Joe’s artistic goal is to incorporate the signature characteristics of the Hudson River School painters with the brilliant color palette of the Impressionists and their successors. He is fascinated with representing light and its changing effect on the landscape.Joe likes to approach a subject from life, frequently as an oil sketch done outdoors. These sketches are used in the studio to inform larger works or are “tidied up” to become small, finished paintings in their own right. Many of his landscapes can be clustered around his favorite places to paint. In addition to the Mountaintop and the Catskill Region, his frequented haunts include Normandy, Northeast Harbor, ME and his home town, Matunuck, RI.

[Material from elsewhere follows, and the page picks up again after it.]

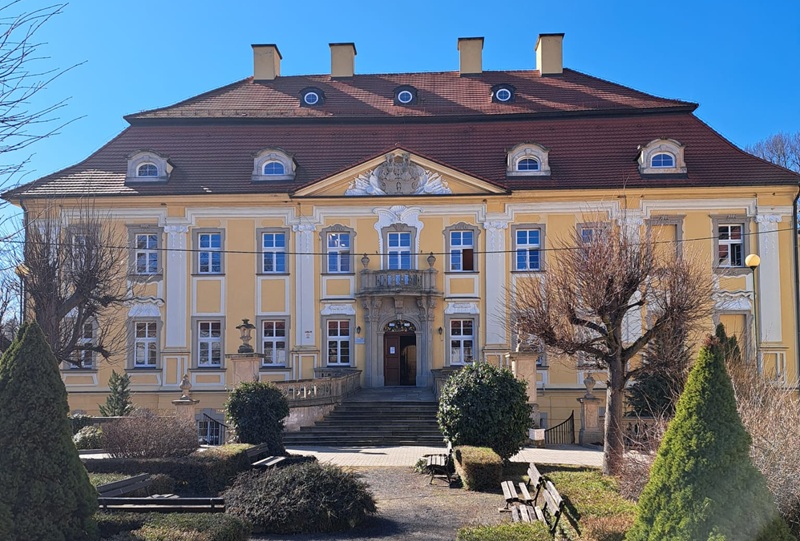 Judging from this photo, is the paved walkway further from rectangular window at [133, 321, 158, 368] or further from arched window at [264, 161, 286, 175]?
arched window at [264, 161, 286, 175]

Joe’s upcoming solo show will take place at the Catskill Mountain Foundation (map)’s Kaaterskill Fine Arts in Hunter, New York, opening Saturday, July 25 from 4 to 7 pm. One particular work featured in this show is titled, “Sunset Over the Catskills,” oil on canvas, 27 x 42 inches. This masterful composition depicts late summer’s golden field in perfect harmony with a farmer’s barn and surrounding trees, silhouetted against the radiant orb illuminating twilight’s palette of atmospheric tonalities. Additional paintings will include “Porch in the Mountains,” “On the Schoharie Creek,” and many other selections in various sizes and price ranges. Please join us to celebrate the opening of Joe Keiffer’s fine works and to toast the man who has brought his talents to our Mountaintop.